Edit: including the "^" (start of string) symbol is not necessary, because the match method already checks for a match only at the beginning of the string.
The obligatory "you don't need a regex" solution:
all(letter in 'abc,' for letter in data) and all(len(item) == 3 for item in data.split(','))
You need to iterate over sequence of found values.
data_string = "abc,bca,df"
imatch = re.finditer(r'(?P<value>[abc]{3})(,|$)', data_string)
for match in imatch:
print match.group('value')
So the regex to check if the string matches pattern will be
data_string = "abc,bca,df"
match = re.match(r'^([abc]{3}(,|$))+', data_string)
if match:
print "data string is correct"
Your result is not surprising since the regular expression
([abc][abc][abc],)+
tries to match a string containing three characters of [abc] followed by a comma one ore more times anywhere in the string. So the most important part is to make sure that there is nothing more in the string - as scessor suggests with adding ^ (start of string) and $ (end of string) to the regular expression.

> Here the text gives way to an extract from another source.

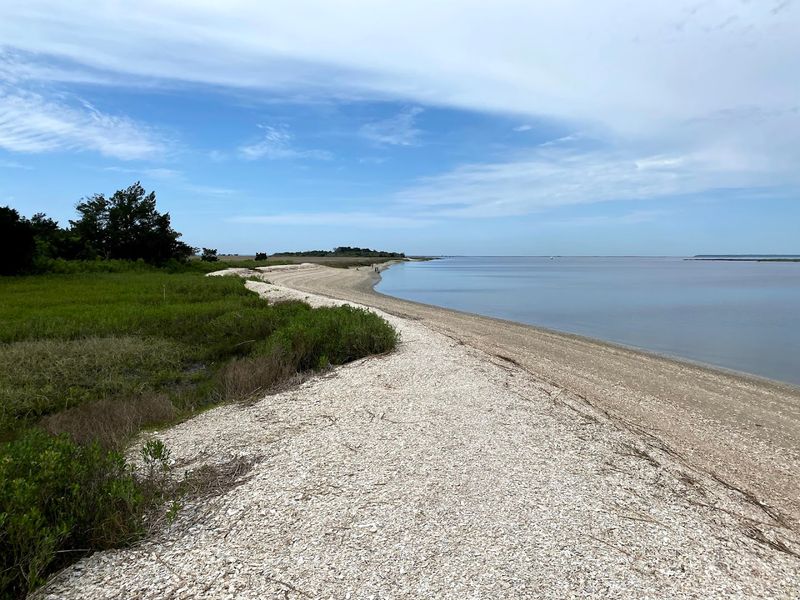 Head To This Underrated Georgia Beach For An Incredible Fossil Hunting Adventure - Decor Hint What About 5,700 Acres Of Preserved Georgia Coastline Actually Looks Like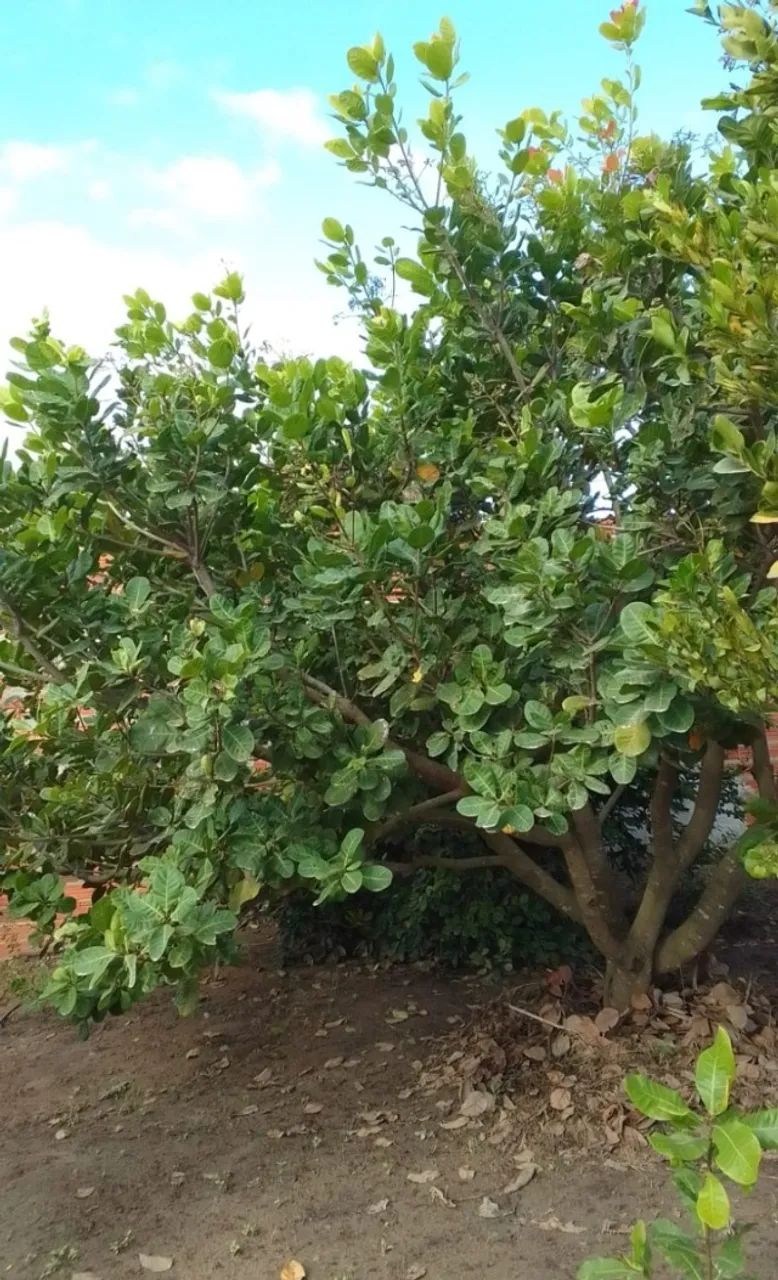Terreno de Chácara  - Foto 3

An alternative without using regex (albeit a brute force way):
>>> def matcher(x):
total = ["".join(p) for p in itertools.product(('a','b','c'),repeat=3)]
for i in x.split(','):
if i not in total:
return False
return True
>>> matcher("abc,bca,aaa")
True
>>> matcher("abc,bca,xyz")
False
>>> matcher("abc,aaa,bb")
False
If your aim is to validate a string as being composed of triplet of letters a,b,and c:
for ss in ("abc,bbc,abb,baa,bbb",
"acc",
"abc,bbc,abb,bXa,bbb",
"abc,bbc,ab,baa,bbb"):
print ss,' ',bool(re.match('([abc]{3},?)+\Z',ss))
result
abc,bbc,abb,baa,bbb True
acc True
abc,bbc,abb,bXa,bbb False
abc,bbc,ab,baa,bbb False
\Z means: the end of the string. Its presence obliges the match to be until the very end of the string
By the way, I like the form of Sonya too, in a way it is clearer:
bool(re.match('([abc]{3},)*[abc]{3}\Z',ss))
To just repeat a sequence of patterns, you need to use a non-capturing group, a (?:...) like contruct, and apply a quantifier right after the closing parenthesis. The question mark and the colon after the opening parenthesis are the syntax that creates a non-capturing group (SO post).
For example:
(?:abc)+ matches strings like abc, abcabc, abcabcabc, etc.
(?:\d+\.){3} matches strings like 1.12.2., 000.00000.0., etc.
Here, you can use
^[abc]{3}(?:,[abc]{3})*$
^^
Note that using a capturing group is fraught with unwelcome effects in a lot of Python regex methods. See a classical issue described at re.findall behaves weird post, for example, where re.findall and all other regex methods using this function behind the scenes only return captured substrings if there is a capturing group in the pattern.
In Pandas, it is also important to use non-capturing groups when you just need to group a pattern sequence: Series.str.contains will complain that this pattern has match groups. To actually get the groups, use str.extract. and
the Series.str.extract, Series.str.extractall and Series.str.findall will behave as re.findall.